Slurm script on HPC

Slurm script on HPC#

If you have access to some HPC (High Performance Computing) systems (a.k.a clusters, supercomputers), very likely you will need to submit a job script via some scheduler software like Slurm

PtyRAD can be easily launched on those machines using the previously mentioned CLI commands.

Reconstruction mode on 1 GPU#

Example Slurm script:

#!/bin/bash
#SBATCH --job-name=ptyrad
#SBATCH --mail-user=cl2696@cornell.edu       # Where to send mail
#SBATCH --nodes=1                            # number of nodes requested
#SBATCH --ntasks=1                           # number of tasks to run in parallel
#SBATCH --cpus-per-task=4                    # number of CPUs required for each task. 4 for 10GB, 8 for 20GB, 32 for 80GB of A100.
#SBATCH --gres=gpu:2g.20gb:1               # request a GPU #gpu:a100:1, gpu:2g.20gb:1
#SBATCH --time=168:00:00                      # Time limit hrs:min:sec
#SBATCH --output=log_job_%j_ptyrad_PSO.txt  # Standard output and error log

## Assuming you are under root `ptyrad/` working directory and calling `sbatch scripts/slurm_run_ptyrad.sub`
pwd; hostname; date

module load cuda/11.8

source activate ptyrad

## Set the params_path variable
## Make sure the path specified inside params.yml is reachable from your root (i.e., `ptyrad/`)
PARAMS_PATH="params/examples/PSO.yml"
echo params_path = ${PARAMS_PATH}

## The gpuid is used to assign the device for PtyRAD, it can be either 'acc', 'cpu', or an integer
## The jobid is used as a unique identifier for hypertune mode with multiple GPU workers on different nodes. 
## The JOBID is an environment variable that'll be automatically set to 1-N via LoopSubmit.sh. If not set, default to 0.

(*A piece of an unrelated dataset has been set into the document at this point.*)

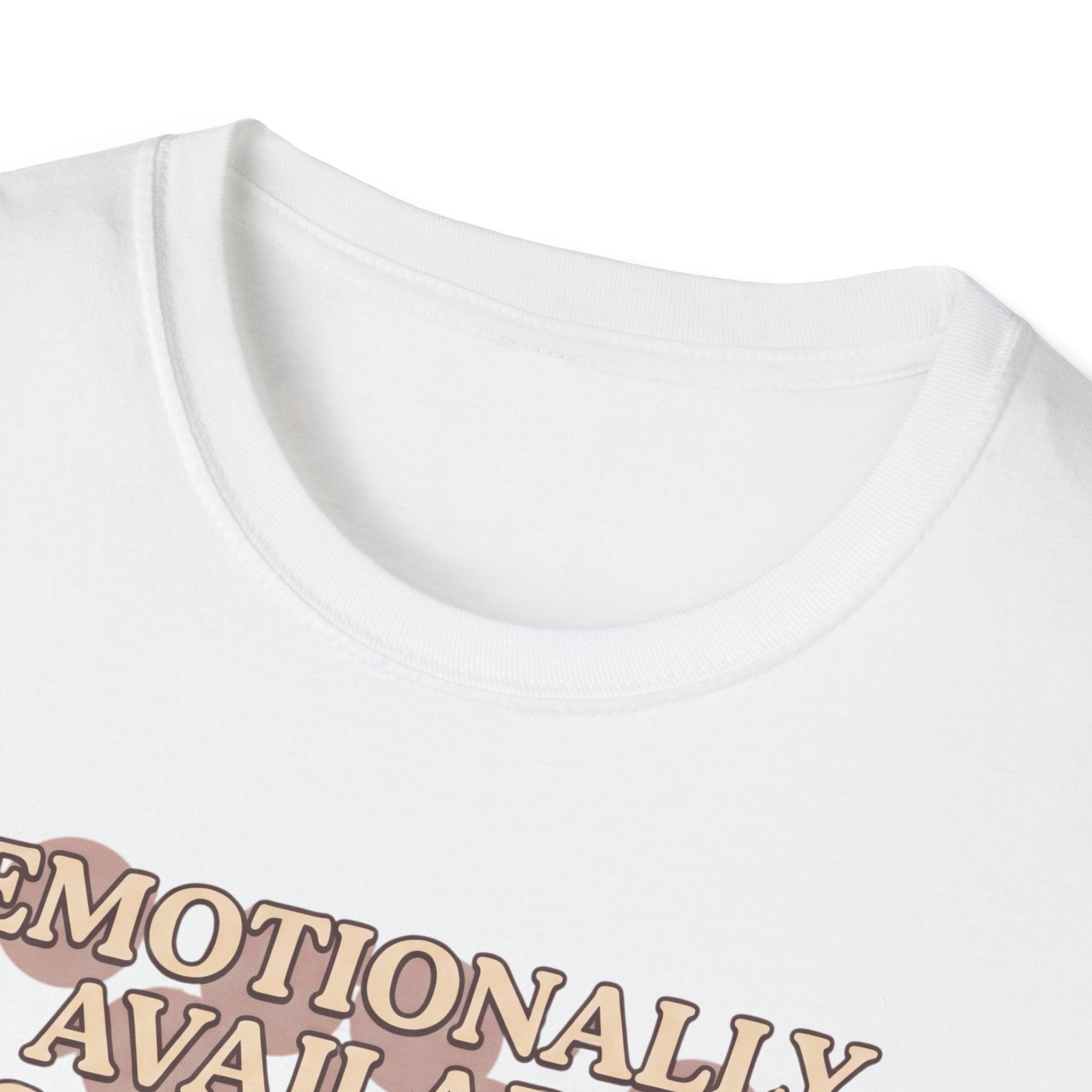 Emotionally Available T-Shirt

## Execute the ptyrad CLI command `ptyrad run`
ptyrad run "${PARAMS_PATH}" --gpuid 0 --jobid "${JOBID:-0}" 2>&1 # This runs via ptyrad CLI command on 1 GPU. 

date

(The reconstuction mode is solely configured by the params file by setting if_hypertune: false.)

💡 This is the same example as ptyrad/scripts/slurm_run_ptyrad.sub.